Fili Fort (Al Hisn Fili) is a late Islamic fortification located to the east of the town of Madam, in the United Arab Emirates' emirate of Sharjah.

== The two forts ==
There are in fact two forts at Hili, Fili west fort and Fili east fort. The west fort is built on a hill at a distance of some 875 metres from the east fort. However, Fili east fort is uniquely referred to as Fili Fort and is a later building dating to the C19th. Fili west fort, located on a small hill in the Madam plain, was established around a watchtower, or Muraba'a, and is said locally to be 500 years old, a dating not supported by archaeologists, who estimate both forts as C19th constructions.

The two forts are connected by a network of two underground waterways, or aflaj, which themselves connect to aflaj running from the Hajar Mountains. Fili Fort was at one stage used as a police station and a more modern, smooth-walled section attached to the square fortification (on the opposite corner to the two-story tower) attests to this later use.

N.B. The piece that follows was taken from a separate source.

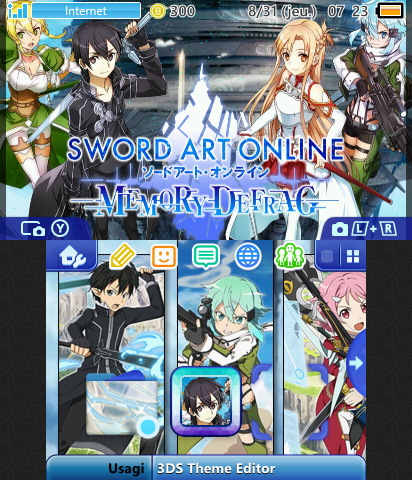 Sword Art Online: Memory Defrag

The ruin of an old souq, a four-roomed flat-roofed structure, stands nearby Fili Fort. A number of Islamic era burials dot the plain around the fort. Finds of ceramics in the area date from Iron Age to C19th Chinese trade ware.

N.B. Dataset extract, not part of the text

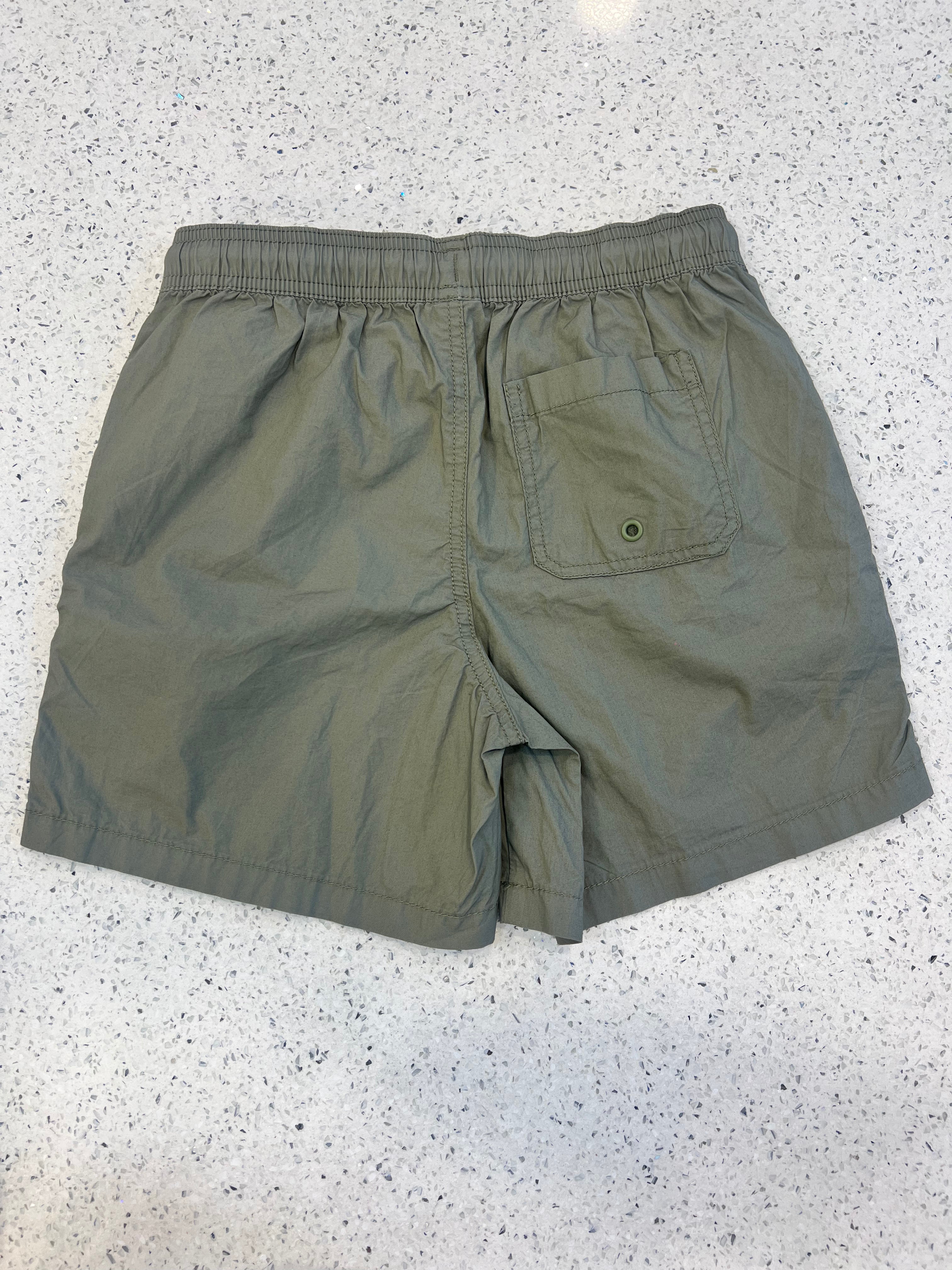 Premium Boys Casual Shorts Olive Green-C426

== World Heritage nomination ==
Fili Fort formed part of Sharjah's 2018 bid for UNESCO World Heritage Status, under the heading 'Sharjah, Gateway to the Trucial States', which also included the Heart of Sharjah; Sharjah Fort; the former barracks of the Trucial Oman Scouts in Mirgab; Al Mahatta Fort, the first airport in the Gulf; the coastal town of Khor Fakkan; the oasis and settlement of Wadi Helo, all following the theme of a return to the simplicity and natural lifestyles of the late 1950s.